Lembremos que na história do pensamento islâmico, este conceito reveste-se de aspetos diferentes, quer estejam ligados ao conteúdo ou ao estilo do Alcorão. Assim a ênfase é colocada na originalidade da mensagem corânica e na sua intemporalidade. Escrutinamos o Alcorão para aí encontrar elementos linguísticos e estilísticos que possam testemunhar do caráter inimitável do seu estilo e do seu ordenamento. Estudos, como Naẓm al-qur’an, d’Al-Jâḥiẓ[7] e a referente a Al-Bâqillânî[8], são representativos desta tendência.
Atualmente, a inimitabilidade do Alcorão (‘iΣjâz al-qur’ân), do ponto de vista científico e matemático, apresenta-se como o garante da essência divina deste texto sagrado que data do 7º século da nossa era. Adicionalmente, Le Soleil se lève à l’Occident, nomeadamente no segundo tomo, divulga múltiplas codificações na obra no Alcorão, uma espécie de estrutura na qual se implementa o discurso corânico que acaba de evidenciar uma intencionalidade transcendente manifesta.
Assinalemos, para concluir, um outro alcance inédito deste estudo de quem coloca em interação diferentes campos de estudos, e vem enfatizar o interesse de ligações entre as diferentes ciências e diversas áreas de especialização, cujas fronteiras não são doravante tão estanques.
Além dos epistemólogos, este estudo interessará aos especialistas de disciplinas até aí nunca solicitadas, como a matemática e os seus diferentes ramos que são a lógica, a álgebra, as probabilidades e a estatística. Estes investigadores são capazes de se pronunciar sobre o grau de pertinência deste campo de estudo e sobre a natureza dos vínculos e a coerência dos resultados destes trabalhos, abrindo perspetivas insuspeitas que começamos apena a entrever.
[1] Farid Gabteni, Le Soleil se lève à l’Occident, éd. al-Bouraq, 1999, 2000 ; éd. CIRS, 2003, 2004, 2008, 2010 ; éd. SCDOFG, 2016.
[2] Utilizado aqui enquanto qualificativo para significar o caráter intrínseco à ciência, tais como o rigor e a exigência.

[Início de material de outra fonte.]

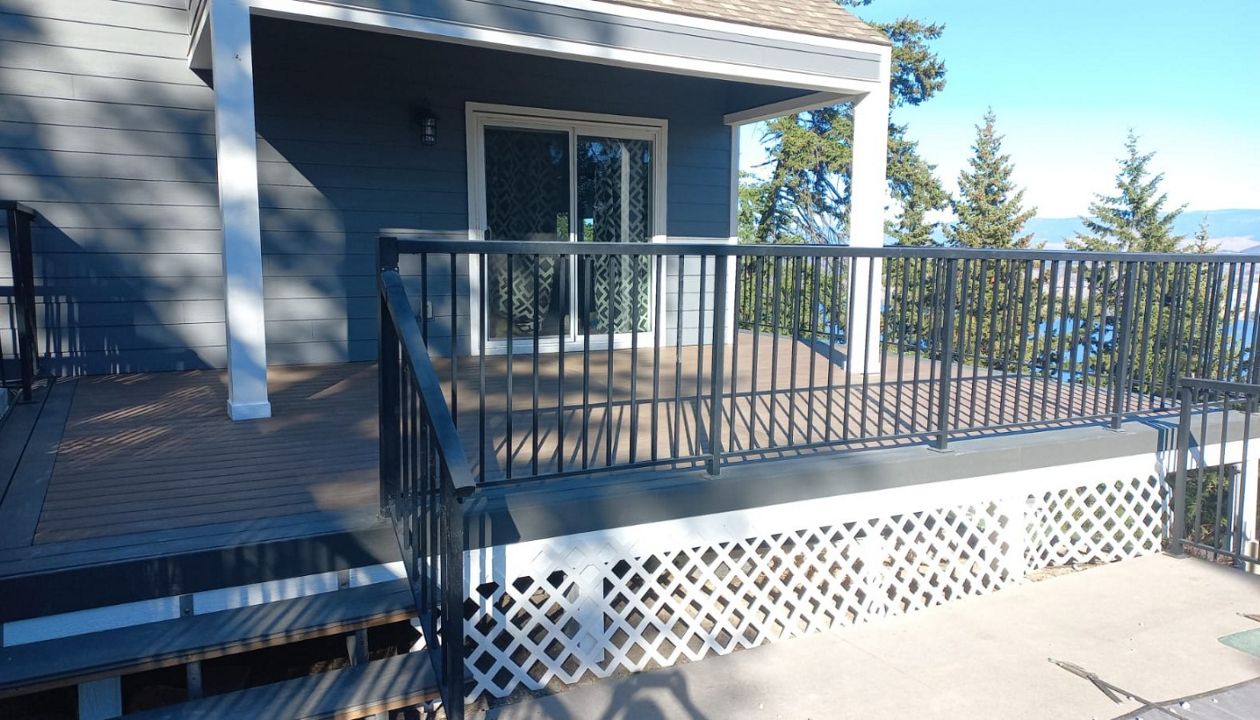 Toasted Sand with Clam Shell border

[3] Averroès, Traité décisif, Paris, Éditions Sindbad, 1988, tradução Léon Gauthier.
[4] Cf. Farid Gabteni, Le Soleil se lève à l'Occident - tomo 1 : Science pour l'Heure.

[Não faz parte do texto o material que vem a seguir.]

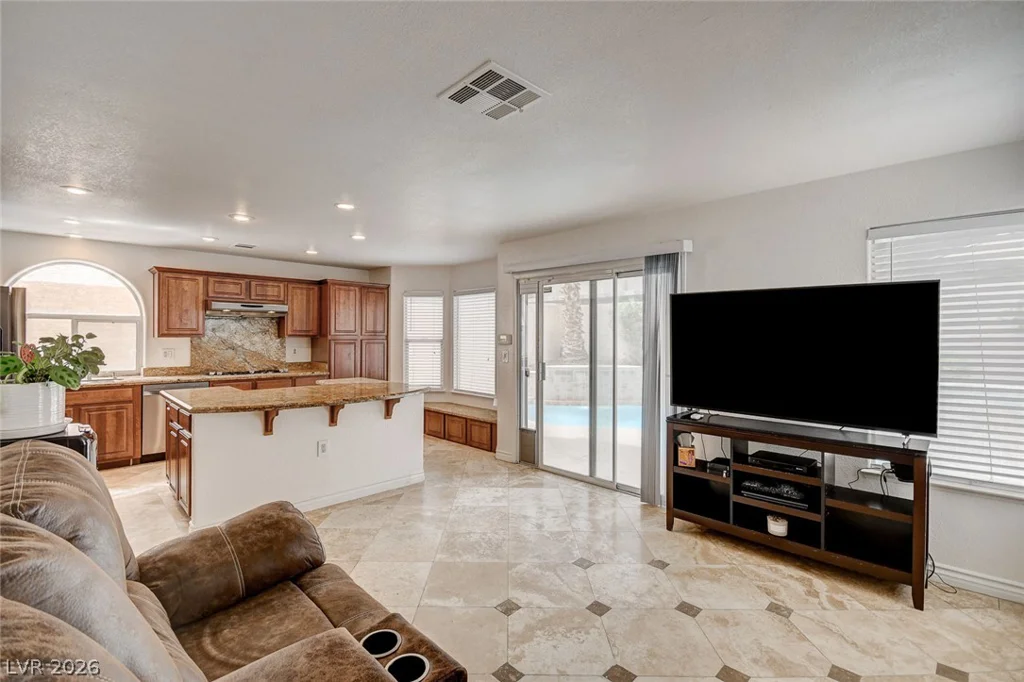 2329 Homeland, Las Vegas, NV 89128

[5] A palavra "matemática" vem do grego μάθημα (máthēma), que significa "ciência, conhecimento", adquiriu posteriormente o sentido que lhe conhecemos hoje em dia.

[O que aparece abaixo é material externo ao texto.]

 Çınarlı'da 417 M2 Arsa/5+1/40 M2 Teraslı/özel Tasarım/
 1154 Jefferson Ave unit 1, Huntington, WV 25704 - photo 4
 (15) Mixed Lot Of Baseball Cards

[6] A palavra "revelação" vem do latim revelare, que significa "revelar, dar a conhecer o que estava escondido, segredo".
[7] Abû ΣUthmân ΣAmr Ibn Baḥr Al-Jâhiẓ (morto em 869) era um escritor mu’tazilite. Ele tratou esta questão num livro consagrado a este tema, Naẓm al-Qur’ân, que não chegou até nós.
[8] O juiz Abû Bakr Al-Bâqillânî (morto em 1013) é um teólogo asharita. Ele consagrou uma obra, ’IΣjâza l-Qur’ân,a explicar o que distingue o Alcorão de todos os outros textos.